When jazz musician James goes away for an extended gig, Neil is furious at being left to deal with the home repairs on his own; he may be a dab hand at closing multimillion-dollar deals, but he totally lacks the handyman gene. Fortunately for him, it turns out that Rebecca knows her way around drills, claw hammers, busted pipes and broken fences, as unlikely as it may seem for a woman who studied ballet intensively for 16 years of her life. She offers to help him if he gives her advice on her photographic commission. After butting heads at first, the two eventually forge an unlikely bond, furthered by a mutual love of whisky and cigarettes. (There’s so much smoking in this film it almost feels European.)
On the plus side, Underwood’s script and direction clearly bring out the mixed feelings of rivalry and solidarity shared by siblings Neil and James, and the social-status gap between city boy Neil and the New Buffalo townies. Less credible, however, due to chemistry-free casting, is the notion that Neil could develop romantic feelings for the much younger, tomboyish Rebecca, never mind her flirting and drunken attempts at seduction. Nevertheless, her optimism and refusal to be daunted by his early rudeness and cynicism help to re-humanize the man who earlier declared, “Winning is the prize and money is only a way of keeping score.”
As Neil, the rugged-looking Partridge appears far older than implied by the seven- or eight-year age difference between him and James.
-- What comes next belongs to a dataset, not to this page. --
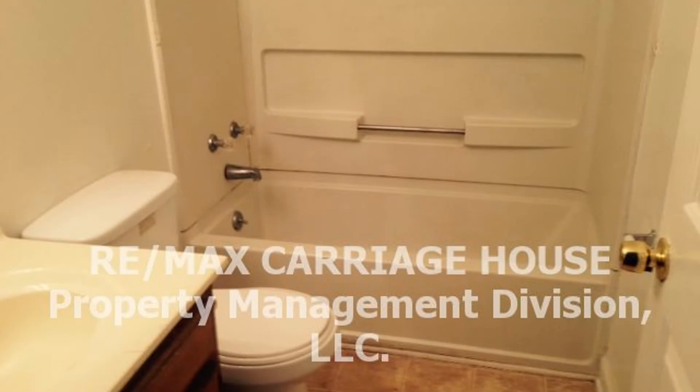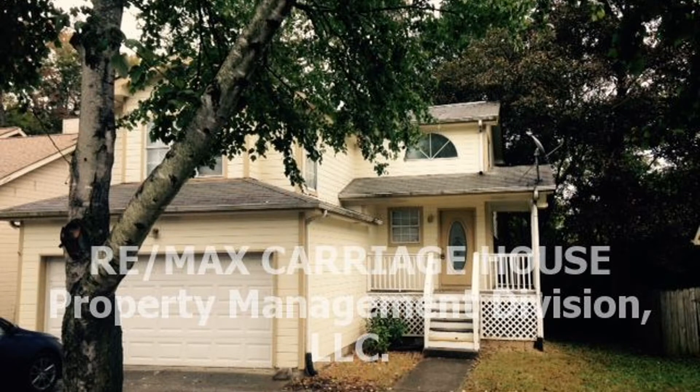Don't wait. Contact us to schedule your viewing today. Give us a call now and book a showing. Our number and website is in the description below.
But he’s a good enough actor to suggest without words that this unplanned old-home week has spurred some sort of incremental feeling within, making him less of a jerk and more of a mensch.
Kevin Duggin’s expressive lensing of rural Michigan’s wintry landscapes is the standout element in a pretty basic tech package. Music supervisor Kristen Genovese’s song choices do a good job of establishing mood.